Photothèque Le Soleil

Temps durs pour les entreprises de fabrication

Les signes que le secteur manufacturier est en perte de vitesse dans la région de Québec ne mentent pas.

Qu'il suffise de penser à la cessation des activités du fabricant de sandales Crocs à Québec, de la papetière AbitibiBowater à Beaupré et à Donnacona et des usines de Vêtements RGR dans la Beauce.

Comment ne pas passer sous silence les épreuves encaissées par les travailleurs de l'usine Stadacona de Papiers White Birch et du chantier naval Davie à Lévis?

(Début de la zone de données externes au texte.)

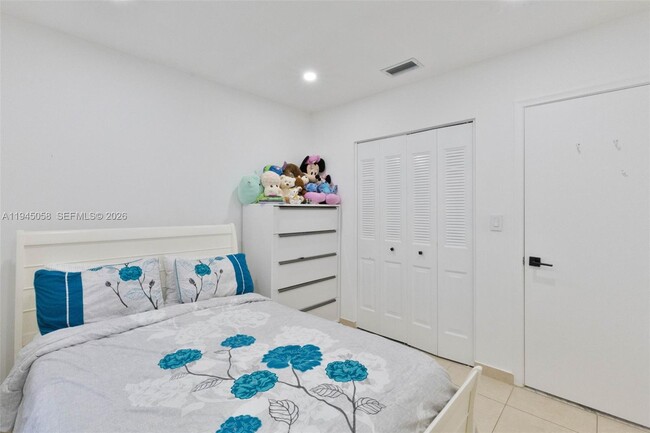 Building Photo - 11145 NW 27th St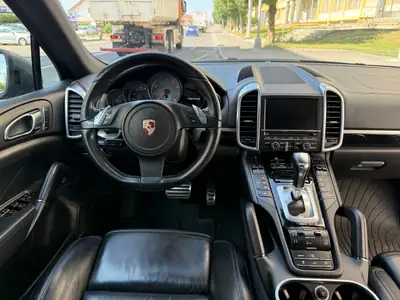 Porsche Cayenne 4.8 V8 S — SUV sportif 400 ch, transmission Tiptronic, sans sinistre — side view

Le bilan chiffré de la décennie 2002-2012 préparé par Québec International en dit long sur le calvaire vécu par le secteur de la fabrication qui a été frappé d'aplomb par l'appréciation du huard, par l'ouverture plus grande des frontières aux produits étrangers et par la crise financière de 2009.

Repli de 7 % entre 2002 et 2012

Le PIB de l'industrie manufacturière régionale a enregistré un repli de 7 % entre 2002 et 2012 comparativement à une hausse de 93 % obtenue au cours de la décennie précédente.

Le contexte d'incertitude qui a caractérisé la période 2002-2012 s'est traduit par une hausse «modérée» de 20 % de la valeur des permis de bâtir dans une industrie au sein de laquelle l'heure était davantage à panser ses plaies qu'à caresser des projets d'expansion.

Une performance qui se situait à des années-lumière de celle de la décennie précédente alors que la valeur des permis de bâtir dans le secteur manufacturier avait explosé de 315 %.

Le pdg de Québec International, Carl Viel, fait cependant remarquer que la situation n'est pas apocalyptique et que plusieurs entreprises avaient profité du ralentissement pour innover, notamment en renforçant leurs liens avec les centres de recherche, et pour explorer de nouveaux marchés.

«C'est le cas de plusieurs entreprises oeuvrant dans la fabrication de matériel de transport, de produits alimentaires, pharmaceutiques, métalliques, composites et électroniques. Le développement de ces secteurs innovants a contribué à modérer le repli de l'industrie dans la région, ce qui a permis de rattraper la situation pour revenir progressivement vers le niveau d'activité qui prévalait en 2002.»